There are many factors involved in decisions or over-investigate, and these two are highly relevant in Australia at present.
Australian dietary guidelines:
Keith Thomas writes: Re. “Who owns the new Australian dietary guidelines?” (yesterday, item 12). I’m all for diversity and also giving activists and vested interests a platform but, please, can you get the most outraged to tone their breathless rants down into articles and to pay sufficient attention to structure, logic and reasonableness?

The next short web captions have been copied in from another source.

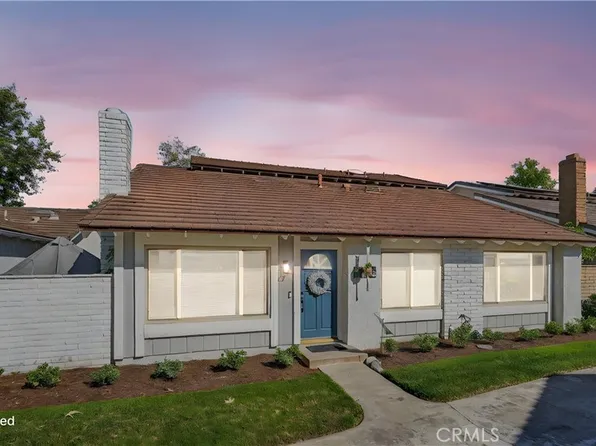 1913 W Wakeham Pl, Santa Ana, CA 92704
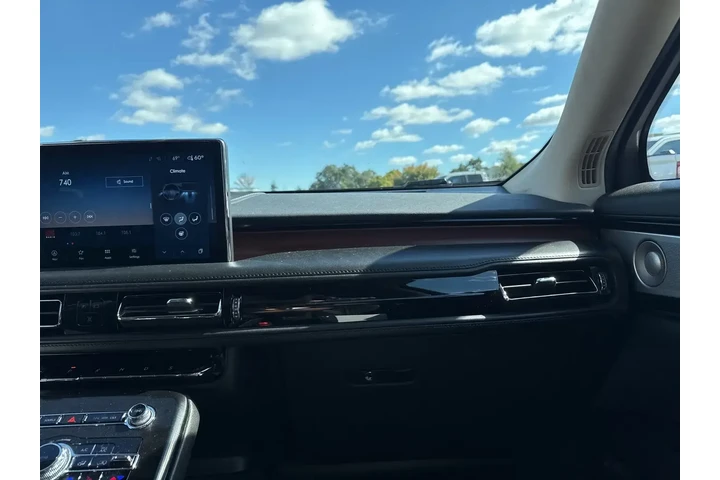 $37998 : Lincoln Nautilus 2023 AWD Re image 10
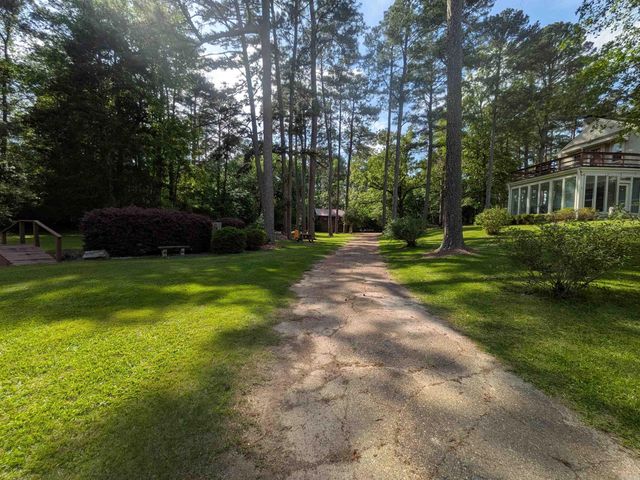 2543 Chidester Hwy, Camden, AR 71701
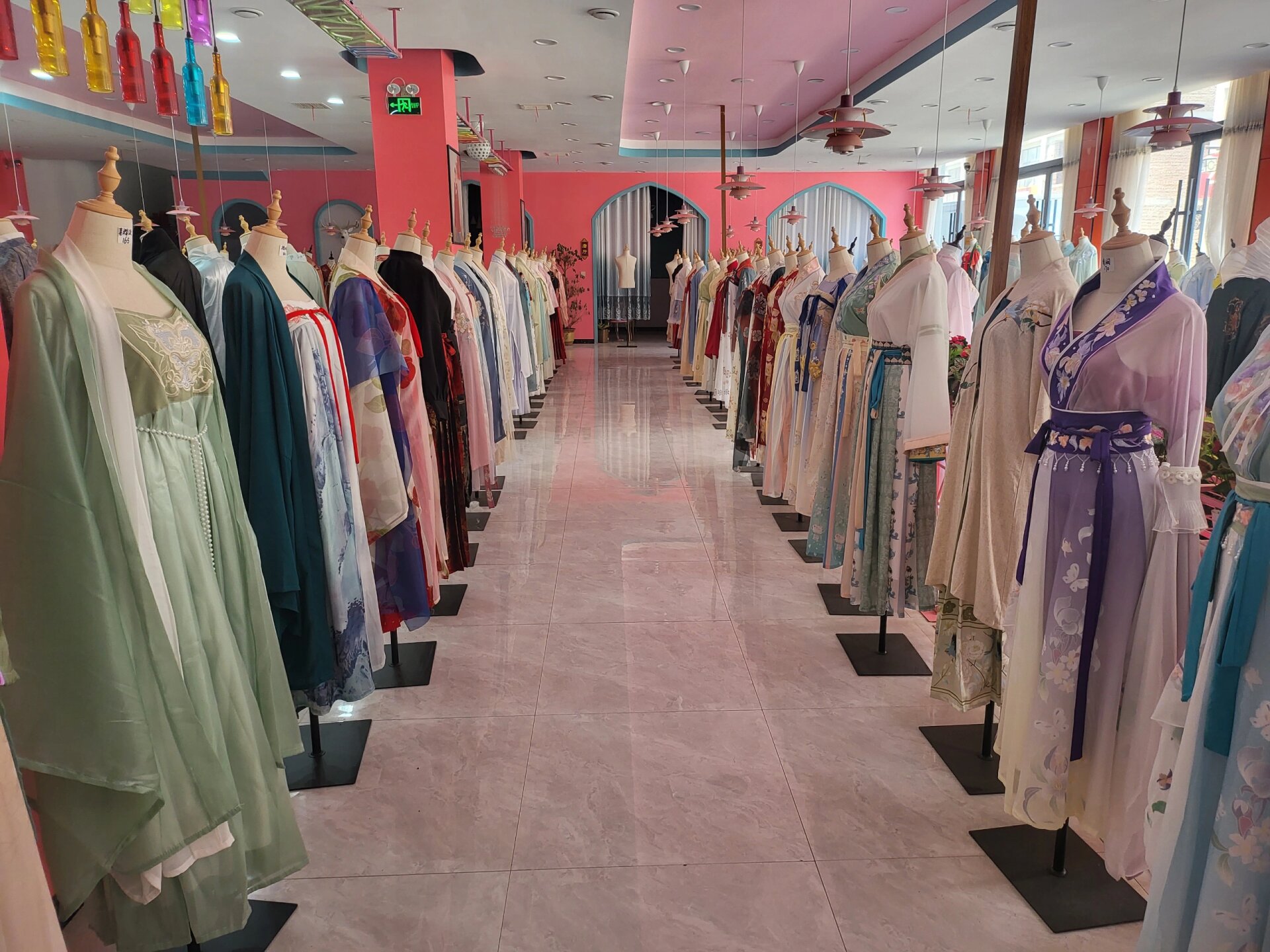 曹县汉服基地批发展示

Geoff Russell should probably have been listed in the introduction as “vegan activist” as well as “animal … activist”. From the beginning his contribution shows all the signs of a hasty, unedited letter to the editor from a furious, self-centred (obsessed?) person whose fragile prejudices are under imminent threat. He should learn to make his case without words like wanky, bloody (twice), bugger (twice) bullshit (twice).
Perhaps he needs a leisurely marbled steak and a glass of red wine to calm down so he doesn’t inflict his ill-considered views upon us.
Seven won Brisbane:
Debbie Turner, Publicity Manager Seven Brisbane, writes: Re. “Last night’s TV ratings” (yesterday, item 17). Just a correction to Glenn Dyer’s Television Ratings column which stated:
“News & CA: Nine News won Sydney, Melbourne and Brisbane. Seven news won the rest. A Current Affair won Sydney, Melbourne and Brisbane. Today Tonight won the rest.”
In Brisbane, according to OzTAM, 7 News won the 6pm timeslot on Tuesday January 17.
- Seven News– 251,000
- Nine News — 245,000
Keith Thomas, that’s just Geoff Russell’s idiosyncratic style. He can be rather circumlocutory at the outset, but I find he’s generally worth persisting with to get to the, er, meat of what he’s saying, even when I don’t agree with it.